Wednesday, February 5, 2025

Your Streak - Don't Let it Break!

 What's really important? 


If we believed our phones, the only thing that should be on our minds is our streaks. 

Our games (I'm looking at you NYT games!), our learning (that angry little green dude named Duo), and our engagement (Reddit scores!) -- everything has its counter, reminding us that it will reset to 0 the moment we are inattentive. 



I get it, we are creatures of habit. Psychologically, we are drawn to patterns and are rewarded by these little dopamine rushes. Our brains seem to thrive on the creation of the neural pathways that are our habits, for good or ill. (Here's a good discussion of the psychology behind it.)

If you've ever played D&D or other such games, maybe you've run across apps like Habitica - a habit tracking tool that truly takes the game to another level. In it, you choose a "class" (fighter, mage, etc) and "defeat" foes by dealing them "damage" from completed tasks. I used this for awhile, in a group of friends (we were a "party"), and found it amusing. You amass coin, gear, experience and pets.

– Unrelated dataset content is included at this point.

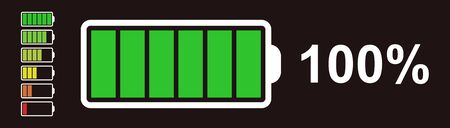 Vector battery indicator. Battery icon for various device interface design.のイラスト素材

The key thing that I liked about it was that it wasn't as much about not breaking the streak as it was about fighting on the quests. 

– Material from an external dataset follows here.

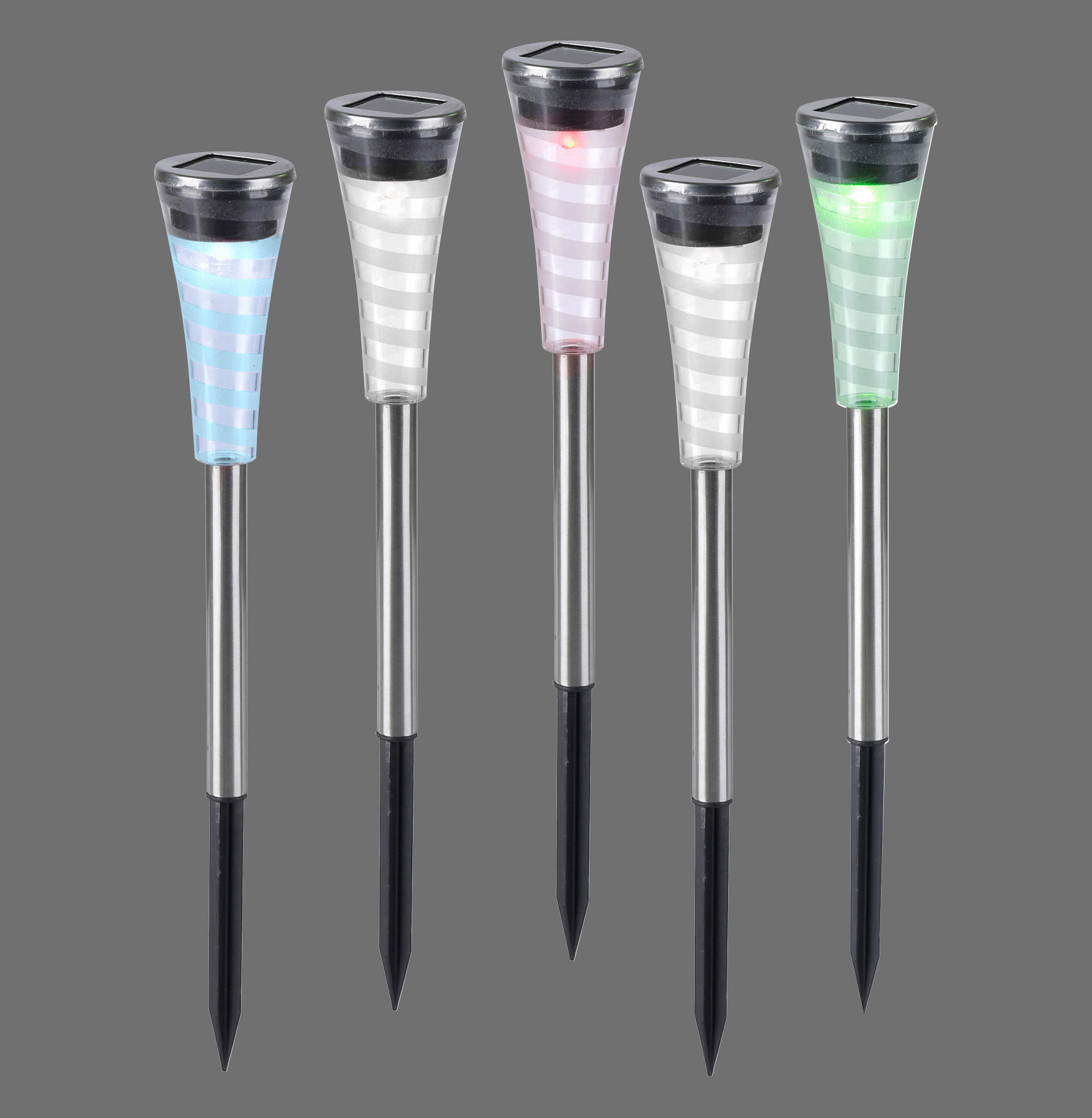 SVJETILJKA SOLARNA  - boje oplemenjenog čelika, Basics, plastika (4/4/27cm)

This gamification (Wikipedia link: Gamification) is a common element in motivating people to create and change habits - this is a common theme among many phone apps. As one research paper puts it: "Gamification can make behavior change easier by awarding points for the desired behavior and deducting points for its omission."

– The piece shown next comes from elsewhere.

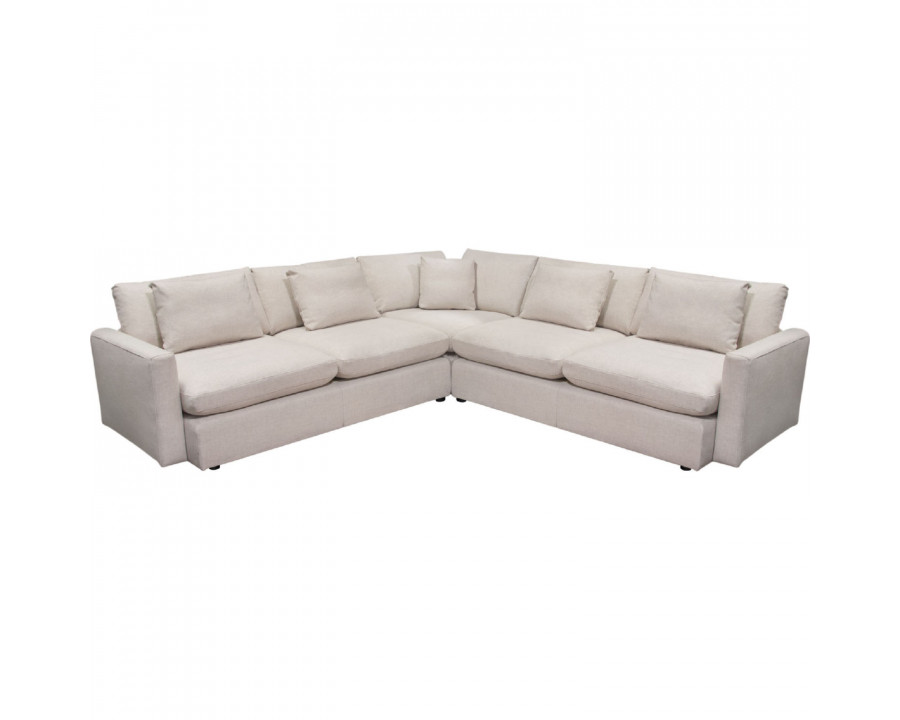 Diamond Sofa - Arcadia 3PC Fabric Corner Sectional with Feather Down Seating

Do broken streaks sap your motivation? This article discusses some of the studies behind the phenomenon, which seem to show that if there's no recording of the work done, then there's less desire to do the task, and the reverse. People will even do "expensive" things to repair a broken streak - watch an ad, pay in-game currency to "repair" it, and the like. 

Or can breaking a streak be powerful? Are we kept in a prison of our own making by being held hostage to these apps? Here's a brief discussion with one game designer who asked exactly that: "What if we reward people for breaking a streak?" Would they appreciate the release of the stress or would it ruin the gamification of the app? 

Strong motivation, powerful freedom, or irrelevant? With this current state of the world we're in, with its threat to the most vulnerable around the globe, it seems frivolous to be trapped in these streaks, whatever the result. 

I think the habits we need to develop include putting our phones down and doing good works.